▶ [Work to be completed] The data below should be transcribed in full, with no picture included.

▶ [Dataset excerpt]
━━━━━━━━━━━━━━━━
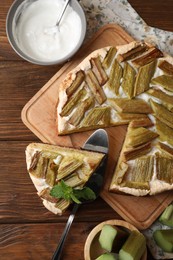 Photo of Freshly baked rhubarb pie and cake server on wooden table, flat lay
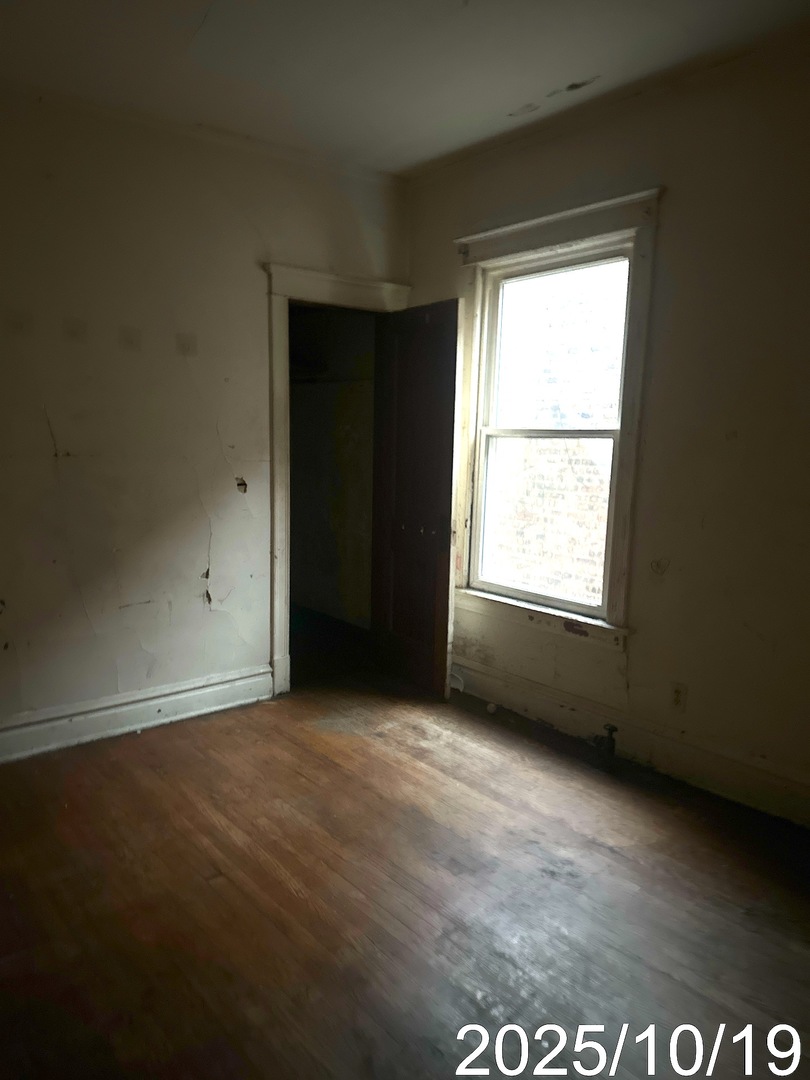 7435 South Wentworth Avenue Chicago, IL 60621 - Photo 8 of 18 an empty room with a window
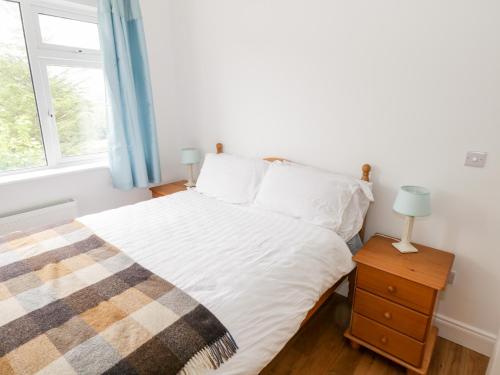 a bedroom with a bed and a window at Rainbows End in Clifden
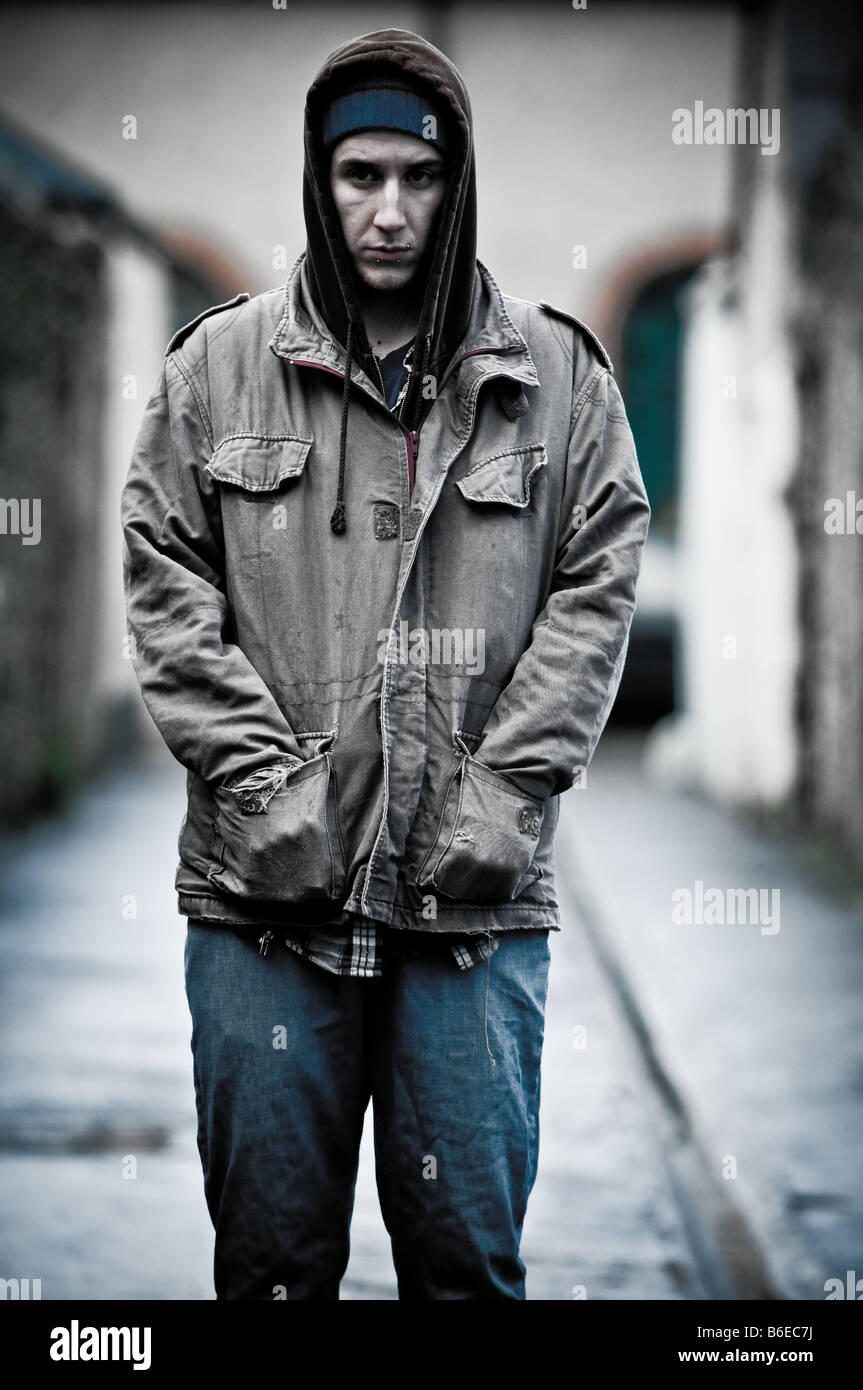 Jeune homme portant une veste seule et isolée dans une ruelle dans une ville, seul et misérable UK Banque D'Images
━━━━━━━━━━━━━━━━
▶ [Solved exercise]
 Photo of Freshly baked rhubarb pie and cake server on wooden table, flat lay
 7435 South Wentworth Avenue Chicago, IL 60621 - Photo 8 of 18 an empty room with a window
 a bedroom with a bed and a window at Rainbows End in Clifden
 Jeune homme portant une veste seule et isolée dans une ruelle dans une ville, seul et misérable UK Banque D'Images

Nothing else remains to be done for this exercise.